BEGIN
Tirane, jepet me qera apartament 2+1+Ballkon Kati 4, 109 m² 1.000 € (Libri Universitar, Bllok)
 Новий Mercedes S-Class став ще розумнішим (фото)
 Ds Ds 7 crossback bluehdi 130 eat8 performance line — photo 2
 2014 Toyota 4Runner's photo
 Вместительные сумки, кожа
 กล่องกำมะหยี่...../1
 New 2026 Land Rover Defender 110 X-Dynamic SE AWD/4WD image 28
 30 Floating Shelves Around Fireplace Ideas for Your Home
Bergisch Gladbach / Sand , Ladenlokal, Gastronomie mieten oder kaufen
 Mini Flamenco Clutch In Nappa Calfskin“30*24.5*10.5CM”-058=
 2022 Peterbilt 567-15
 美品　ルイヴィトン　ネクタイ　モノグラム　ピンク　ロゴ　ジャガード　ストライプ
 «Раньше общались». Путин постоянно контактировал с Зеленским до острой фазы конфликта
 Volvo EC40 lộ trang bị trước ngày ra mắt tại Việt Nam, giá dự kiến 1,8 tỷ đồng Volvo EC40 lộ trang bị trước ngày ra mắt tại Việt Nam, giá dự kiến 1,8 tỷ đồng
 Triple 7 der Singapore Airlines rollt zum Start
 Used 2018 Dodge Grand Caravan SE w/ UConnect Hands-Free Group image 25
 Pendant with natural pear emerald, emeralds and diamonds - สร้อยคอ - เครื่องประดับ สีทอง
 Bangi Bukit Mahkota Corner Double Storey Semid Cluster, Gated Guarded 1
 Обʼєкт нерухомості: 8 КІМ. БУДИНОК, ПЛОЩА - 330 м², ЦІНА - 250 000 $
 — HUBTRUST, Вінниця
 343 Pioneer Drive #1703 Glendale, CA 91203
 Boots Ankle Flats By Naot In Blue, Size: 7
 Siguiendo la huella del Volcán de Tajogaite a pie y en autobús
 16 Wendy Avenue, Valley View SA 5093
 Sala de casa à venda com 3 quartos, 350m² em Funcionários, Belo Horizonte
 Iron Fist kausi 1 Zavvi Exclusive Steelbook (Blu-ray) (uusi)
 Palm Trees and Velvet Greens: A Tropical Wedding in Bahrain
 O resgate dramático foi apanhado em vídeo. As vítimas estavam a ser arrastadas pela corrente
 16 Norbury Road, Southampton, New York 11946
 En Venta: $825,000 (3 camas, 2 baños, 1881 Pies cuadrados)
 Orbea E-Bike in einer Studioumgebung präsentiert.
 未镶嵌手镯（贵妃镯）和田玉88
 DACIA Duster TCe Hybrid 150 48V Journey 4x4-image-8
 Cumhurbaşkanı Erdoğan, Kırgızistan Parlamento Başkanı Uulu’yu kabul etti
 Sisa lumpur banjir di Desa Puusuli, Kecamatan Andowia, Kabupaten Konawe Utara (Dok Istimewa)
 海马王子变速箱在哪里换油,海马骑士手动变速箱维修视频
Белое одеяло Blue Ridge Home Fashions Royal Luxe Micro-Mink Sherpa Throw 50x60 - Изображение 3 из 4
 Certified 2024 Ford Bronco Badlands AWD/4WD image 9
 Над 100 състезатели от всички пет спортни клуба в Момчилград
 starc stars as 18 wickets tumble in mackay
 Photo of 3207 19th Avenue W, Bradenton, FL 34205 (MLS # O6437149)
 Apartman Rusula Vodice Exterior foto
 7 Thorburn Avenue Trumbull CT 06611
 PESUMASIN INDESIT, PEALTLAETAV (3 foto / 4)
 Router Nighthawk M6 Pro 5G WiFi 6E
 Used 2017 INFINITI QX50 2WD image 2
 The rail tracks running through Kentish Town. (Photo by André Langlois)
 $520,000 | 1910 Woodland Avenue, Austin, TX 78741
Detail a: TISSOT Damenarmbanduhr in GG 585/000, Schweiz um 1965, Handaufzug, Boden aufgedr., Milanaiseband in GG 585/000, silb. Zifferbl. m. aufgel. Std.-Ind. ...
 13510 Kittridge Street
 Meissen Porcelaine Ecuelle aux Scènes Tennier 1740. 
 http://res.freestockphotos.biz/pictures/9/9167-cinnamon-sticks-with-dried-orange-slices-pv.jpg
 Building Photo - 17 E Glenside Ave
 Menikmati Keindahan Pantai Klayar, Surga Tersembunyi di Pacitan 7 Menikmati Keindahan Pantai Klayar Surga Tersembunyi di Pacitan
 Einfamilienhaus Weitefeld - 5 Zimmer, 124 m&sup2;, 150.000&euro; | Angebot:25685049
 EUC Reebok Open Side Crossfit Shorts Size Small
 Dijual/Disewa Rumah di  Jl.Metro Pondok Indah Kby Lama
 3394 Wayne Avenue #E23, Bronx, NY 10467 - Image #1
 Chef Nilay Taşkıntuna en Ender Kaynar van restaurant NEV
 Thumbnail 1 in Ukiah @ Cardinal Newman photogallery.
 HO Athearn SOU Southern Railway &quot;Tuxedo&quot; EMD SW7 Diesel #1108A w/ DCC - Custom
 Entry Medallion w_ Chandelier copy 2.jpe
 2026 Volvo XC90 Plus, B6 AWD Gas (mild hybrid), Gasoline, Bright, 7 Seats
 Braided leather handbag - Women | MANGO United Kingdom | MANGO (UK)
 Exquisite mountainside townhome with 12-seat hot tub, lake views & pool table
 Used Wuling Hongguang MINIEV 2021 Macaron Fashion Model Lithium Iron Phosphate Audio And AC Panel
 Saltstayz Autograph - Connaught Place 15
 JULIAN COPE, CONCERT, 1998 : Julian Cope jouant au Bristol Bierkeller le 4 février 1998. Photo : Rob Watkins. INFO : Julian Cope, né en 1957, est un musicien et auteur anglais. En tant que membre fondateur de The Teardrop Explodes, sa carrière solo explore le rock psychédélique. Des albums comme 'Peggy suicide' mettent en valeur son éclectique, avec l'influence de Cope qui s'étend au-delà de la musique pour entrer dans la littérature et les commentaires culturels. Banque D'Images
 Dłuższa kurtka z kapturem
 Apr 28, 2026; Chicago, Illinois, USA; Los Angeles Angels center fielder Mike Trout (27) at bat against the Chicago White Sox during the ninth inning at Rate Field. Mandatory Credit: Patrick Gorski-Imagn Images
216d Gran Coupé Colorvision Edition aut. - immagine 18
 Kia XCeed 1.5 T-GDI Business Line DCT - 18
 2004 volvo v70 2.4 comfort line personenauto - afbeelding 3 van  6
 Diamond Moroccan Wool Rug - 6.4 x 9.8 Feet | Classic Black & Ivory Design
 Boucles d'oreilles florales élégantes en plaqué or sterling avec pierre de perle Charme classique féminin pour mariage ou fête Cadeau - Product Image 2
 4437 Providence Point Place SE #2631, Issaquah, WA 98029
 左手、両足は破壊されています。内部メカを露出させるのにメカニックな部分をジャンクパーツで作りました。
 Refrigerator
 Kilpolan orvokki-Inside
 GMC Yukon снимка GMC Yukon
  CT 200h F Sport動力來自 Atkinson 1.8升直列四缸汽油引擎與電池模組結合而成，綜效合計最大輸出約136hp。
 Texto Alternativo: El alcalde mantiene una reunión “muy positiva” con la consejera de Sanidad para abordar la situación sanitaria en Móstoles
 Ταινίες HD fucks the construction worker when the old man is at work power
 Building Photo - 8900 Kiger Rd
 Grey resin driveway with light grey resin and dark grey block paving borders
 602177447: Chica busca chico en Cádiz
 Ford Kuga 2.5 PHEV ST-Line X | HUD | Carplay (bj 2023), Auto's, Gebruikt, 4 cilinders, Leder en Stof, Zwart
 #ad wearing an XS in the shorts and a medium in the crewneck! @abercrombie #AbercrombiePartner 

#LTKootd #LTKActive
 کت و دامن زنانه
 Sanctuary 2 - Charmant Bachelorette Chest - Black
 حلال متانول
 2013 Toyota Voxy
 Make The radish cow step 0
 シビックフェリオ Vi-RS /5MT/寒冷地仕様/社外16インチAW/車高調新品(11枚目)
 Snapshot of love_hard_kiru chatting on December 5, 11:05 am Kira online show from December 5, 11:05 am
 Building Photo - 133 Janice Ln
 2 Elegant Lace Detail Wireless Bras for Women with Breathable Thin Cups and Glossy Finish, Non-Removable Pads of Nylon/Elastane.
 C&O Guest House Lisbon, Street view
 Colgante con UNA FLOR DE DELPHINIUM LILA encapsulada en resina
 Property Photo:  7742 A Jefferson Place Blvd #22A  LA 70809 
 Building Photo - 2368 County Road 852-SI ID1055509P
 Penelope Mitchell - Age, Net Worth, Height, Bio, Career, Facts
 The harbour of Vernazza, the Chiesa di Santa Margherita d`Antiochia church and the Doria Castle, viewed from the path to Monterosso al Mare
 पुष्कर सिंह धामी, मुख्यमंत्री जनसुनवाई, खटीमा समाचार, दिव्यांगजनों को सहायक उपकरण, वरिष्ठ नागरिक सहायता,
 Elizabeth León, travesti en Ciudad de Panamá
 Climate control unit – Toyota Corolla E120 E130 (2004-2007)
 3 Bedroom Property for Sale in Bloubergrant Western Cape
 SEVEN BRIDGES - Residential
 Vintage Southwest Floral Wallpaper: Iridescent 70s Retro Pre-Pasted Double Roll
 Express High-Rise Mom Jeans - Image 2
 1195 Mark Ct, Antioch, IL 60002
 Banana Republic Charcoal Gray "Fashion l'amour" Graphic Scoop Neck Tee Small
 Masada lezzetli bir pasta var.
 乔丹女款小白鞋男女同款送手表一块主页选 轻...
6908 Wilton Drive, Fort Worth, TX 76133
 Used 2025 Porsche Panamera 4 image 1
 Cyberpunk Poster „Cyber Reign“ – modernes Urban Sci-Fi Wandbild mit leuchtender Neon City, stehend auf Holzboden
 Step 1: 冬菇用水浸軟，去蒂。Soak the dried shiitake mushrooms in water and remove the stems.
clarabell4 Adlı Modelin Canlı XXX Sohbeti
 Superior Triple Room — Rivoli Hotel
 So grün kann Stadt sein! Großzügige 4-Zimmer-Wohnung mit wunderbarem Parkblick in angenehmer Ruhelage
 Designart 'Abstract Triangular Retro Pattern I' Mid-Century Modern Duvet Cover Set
END
ASSIGNED TASK »
In the entries above, please find the line with "2014 Toyota 4Runner's photo" and the line with "до острой фазы конфликта", then write out exactly those two lines and every line between them, and nothing more.

RESPONSE BELOW »
 2014 Toyota 4Runner's photo
 Вместительные сумки, кожа
 กล่องกำมะหยี่...../1
 New 2026 Land Rover Defender 110 X-Dynamic SE AWD/4WD image 28
 30 Floating Shelves Around Fireplace Ideas for Your Home
Bergisch Gladbach / Sand , Ladenlokal, Gastronomie mieten oder kaufen
 Mini Flamenco Clutch In Nappa Calfskin“30*24.5*10.5CM”-058=
 2022 Peterbilt 567-15
 美品　ルイヴィトン　ネクタイ　モノグラム　ピンク　ロゴ　ジャガード　ストライプ
 «Раньше общались». Путин постоянно контактировал с Зеленским до острой фазы конфликта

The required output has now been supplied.